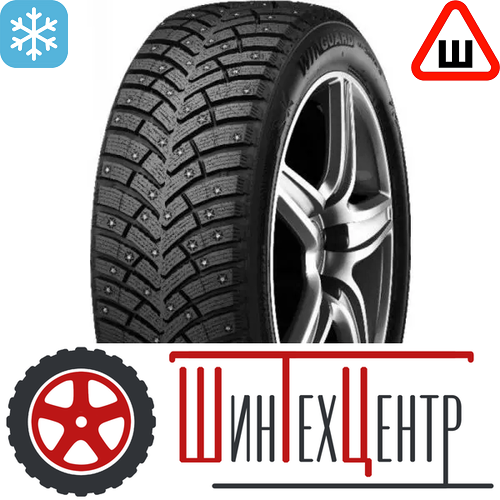 Шина 215/55R17 Nexen Winguard Win-Spike 3 98 T Xl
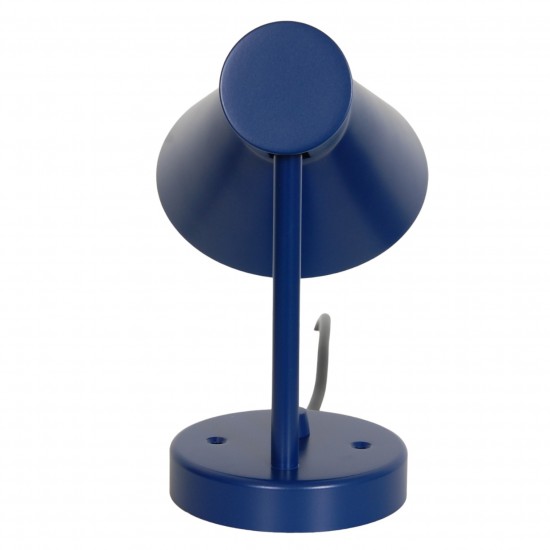 Arne Jacobsen Wall lamp blue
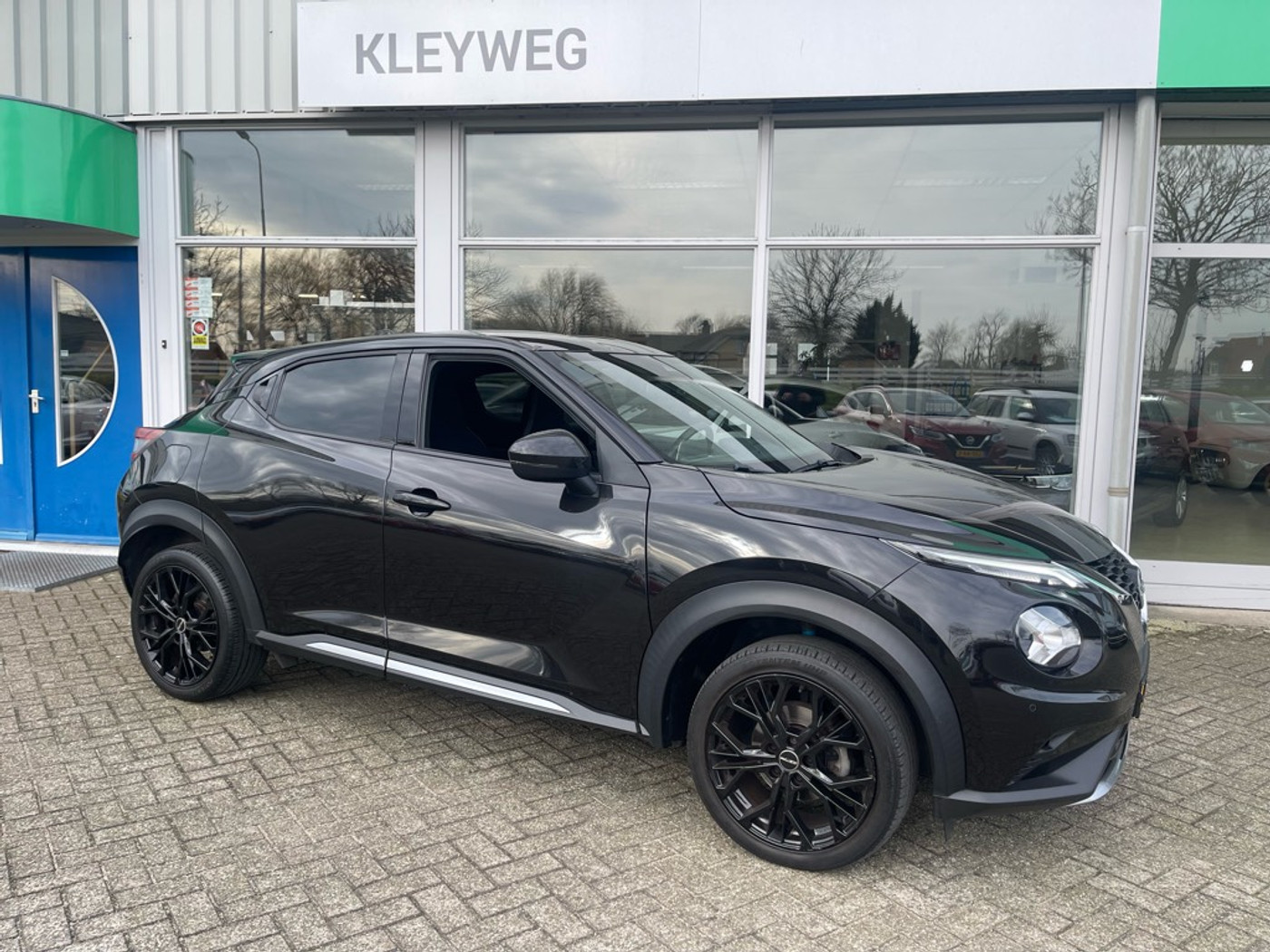 Foto van Nissan Nissan Juke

- YOUR TASK -
Print every line above exactly. Leave the pictures out.

- COMPLETED TASK -
 Шина 215/55R17 Nexen Winguard Win-Spike 3 98 T Xl
 Arne Jacobsen Wall lamp blue
 Foto van Nissan Nissan Juke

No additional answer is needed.